If you have ever heard of the Ninja Gaiden series, then there's a good chance that you also heard of it's high difficulty. I'm going to be completely fair and say that this game isn't actually that hard except for the final stages. The birds might be the worst enemies you will ever face in a 8-bit game because they will follow you until you have either killed them or somehow got them away from the screen. Just like most of the other enemies they cause to much damage on you, but Hayabusa falls back a little every time he gets hit, and there are a lot of dangerous pits in this game.

That's the big challenge in this game. Some enemies can respawn right away after you have killed them if you are unlucky and most of them will do their best to push you down to a pit. I think there even are some places where you have to get hit no matter what you do and then you just have to be lucky that you don't fall down into a pit. Get used to the tune you hear when you die because you will hear it a lot. But you got unlimited of continues so you don't have to worry to much.

Except when it comes to the final stage. This stage is divided in four different parts just like the previous stage and the last part is the boss fight. Every boss fight so far is actually really easy and shouldn't be to much trouble, but the final boss fight really takes a lot of practice if you don't look up on the Internet how you are supposed to do. This wouldn't have been a problem if the game didn't send you back to 6-1 again if you die on the final boss. Considering how difficult 6-2 is it will take you some time to reach the boss again, so it's really difficult to figure out a strategy.

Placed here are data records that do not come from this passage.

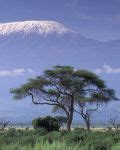 Trekking Tour In Moshi Kilimanjaro Climbing Trips Trekking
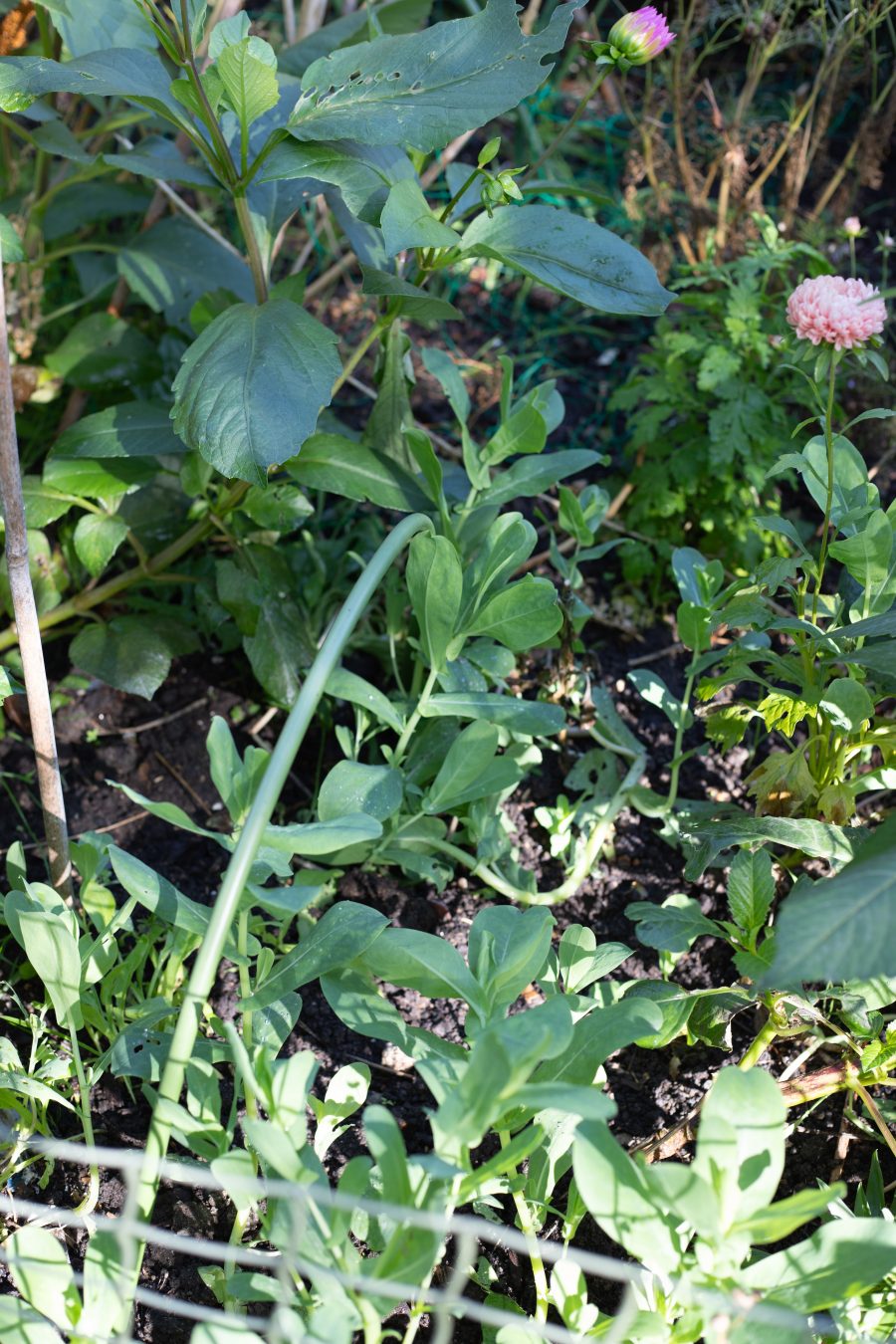 The October Cutting Garden
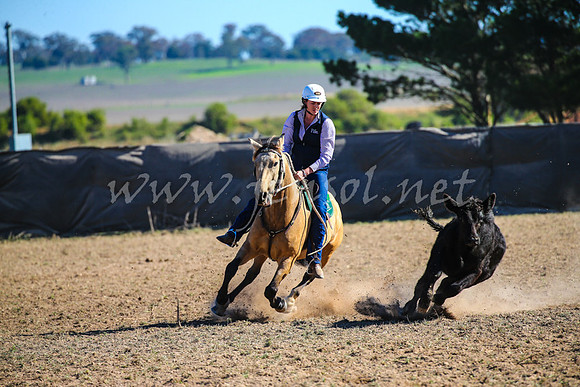 GoulburnCampdraft2017_4111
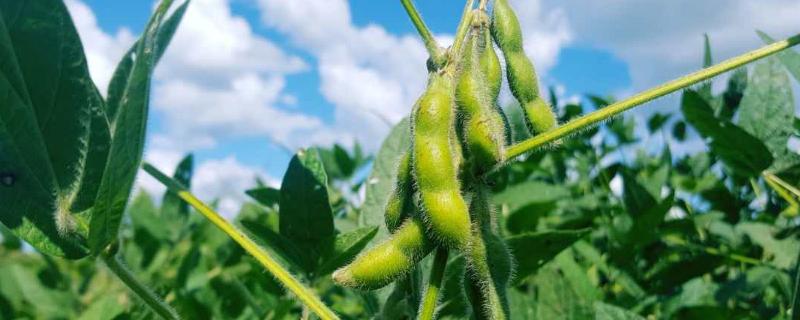 吉农82大豆种子特点，中等肥力地块13500株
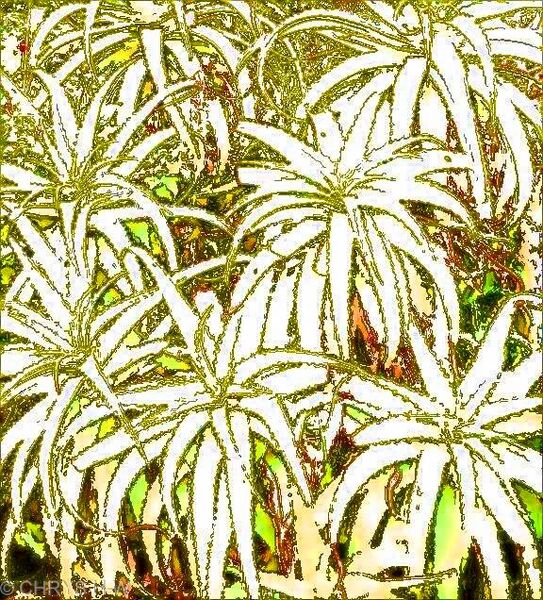 LEMON ALOEVERA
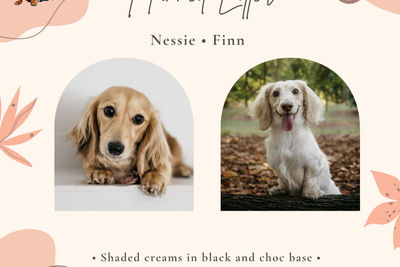 Nessie X Finn - Late 2026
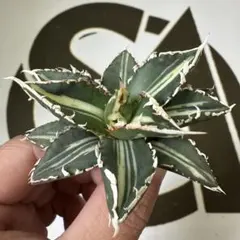 2025年最新】アガベ 狼人 錦の人気アイテム - メルカリ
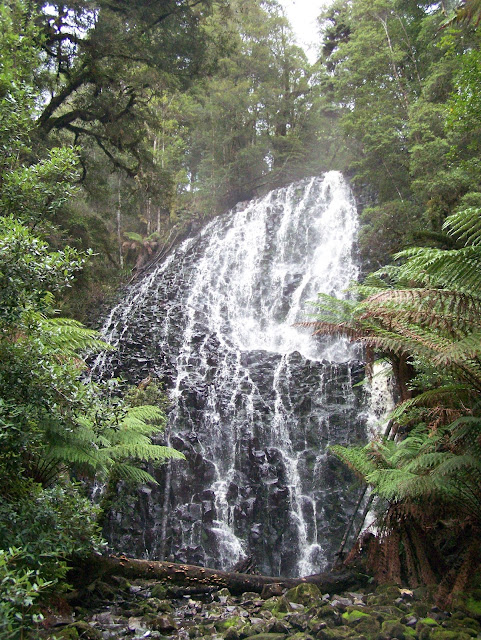Tarkine Falls – May & June 2008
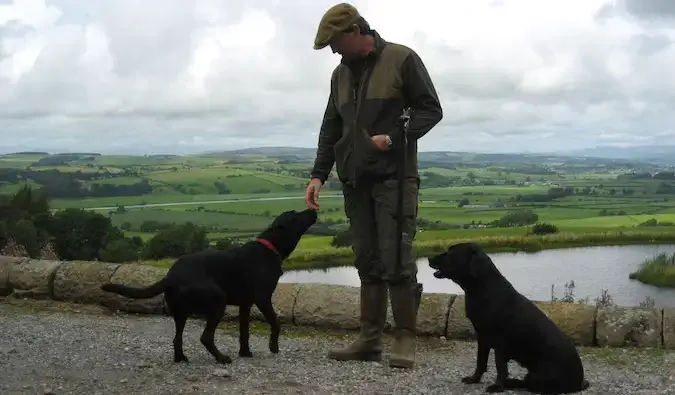 Un uomo britannico con due cani vicino al lago in Inghilterra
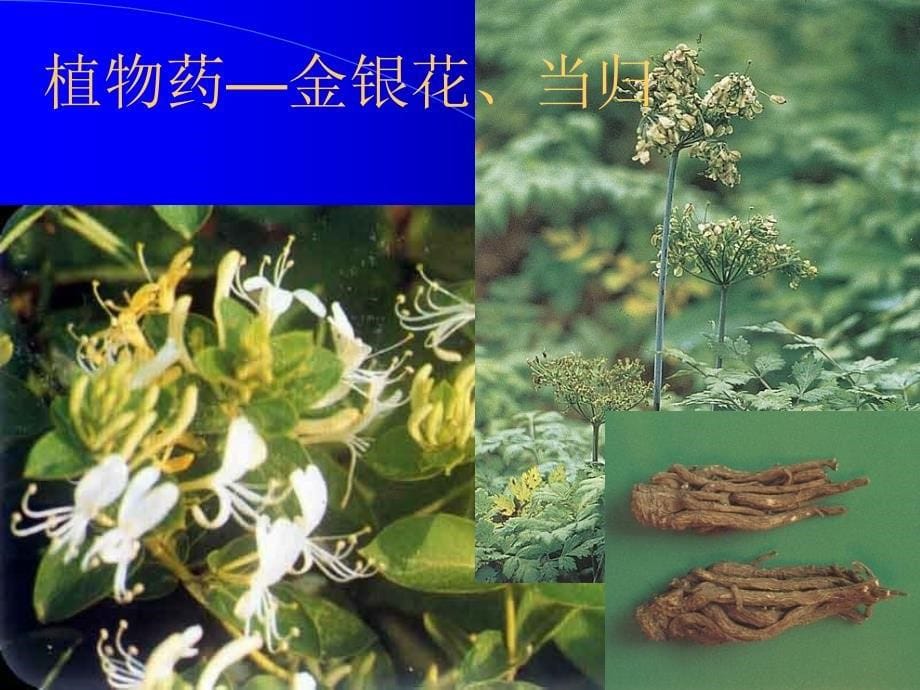 药理学总论医学医药_第5页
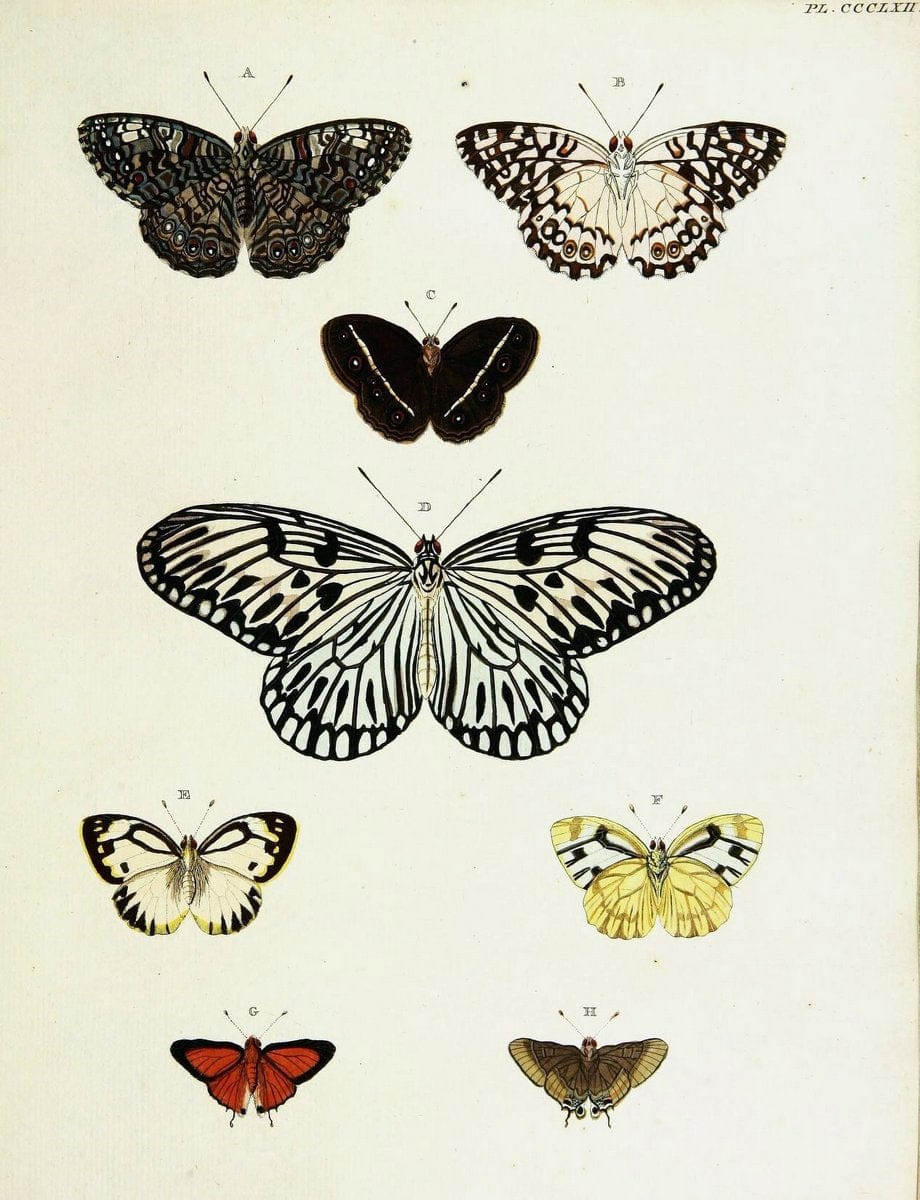 De uitlandsche kapellen voorkomende in de drie waereld-deelen, Asia, Africa en America,. | Africa America Asia Lepidoptera Surinam "Cornell University Library" | Vintage Print Reproduction 466808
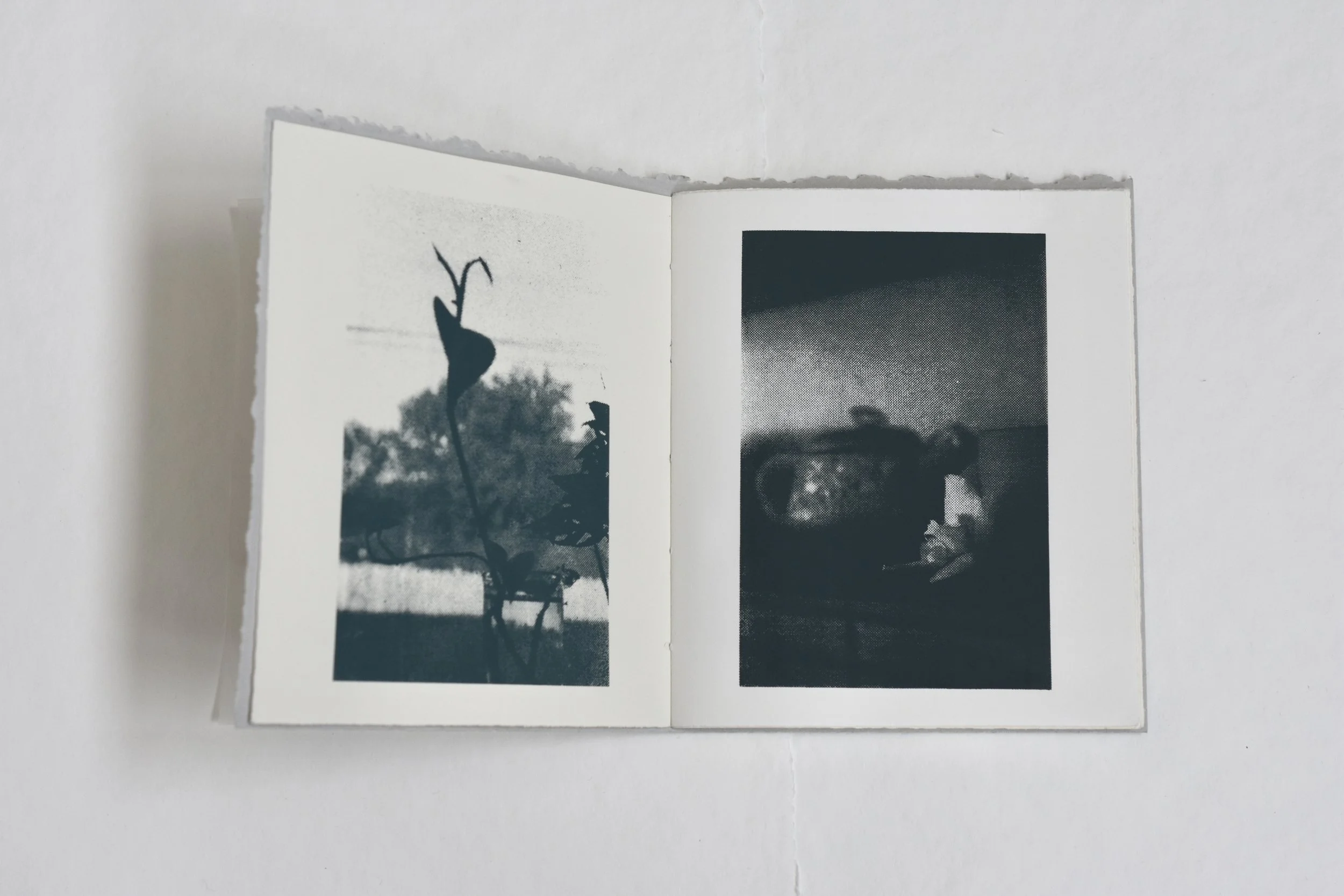 Recollecting, Rename, Recordar
2025  ·  Screenprinted artist book, edition of 4 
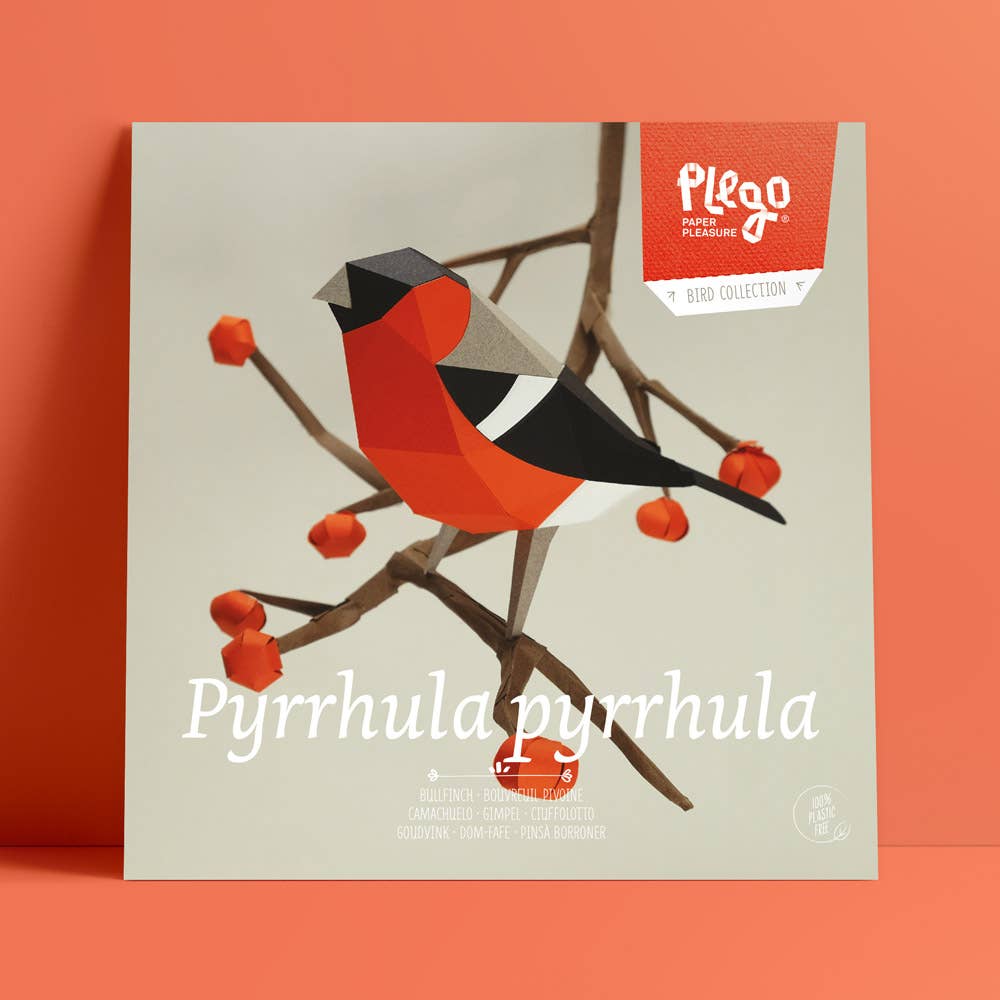 PLEGO - PYRRHULA PYRRHULA - Papiervogel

To make thing even worse you really only got one shot at the final boss if you have won over it's first form. You don't have to fight it the next time you reach the boss and start right away one the next form. The main problem is that the game doesn't refill your health now when you reach the boss, and since you will almost be half dead since the room before the boss is next to impossible to go through without taking many hits the game now demands total perfection from you on a boss that's at least 10 times tougher than all the previous ones. You only other option is to reset the game and hope that you will be able to beat the other forms on your first try this time..

Maybe some think that I'm overreacting over this, but I guess it's something you have to see with your own eyes to truly understand how unfair the programmers actually were. Unless you really are a master on this game it will take you about 20 to 30 minutes to go from stage 6-1 to 6-4 since it's that difficult. You will then get killed by a boss after thirty seconds and then you have to start all over again. I strongly recommend that you use an emulator if you want to beat this game so you can use a savestate right before the final boss, or you might go insane if you try to beat the game without any "cheating".

This doesn't mean that Ninja Gaiden is not a good game. As I already said before it got an interesting story that will make you want to try again and again just to find out how the story progress. Except for the last stage the game isn't that unfair as some say either. It's just like how many other games were back in the day, you had to try again and again and again until you finally managed to beat a tough stage. And even if it may seem a little tougher than say the Mega Man series, at least you now get rewarded with some of the finest cut-scenes a Nes could ever produce. Maybe the game isn't one of the systems absolute biggest masterpieces, but it's one of those games that really feels rewarding to get further in.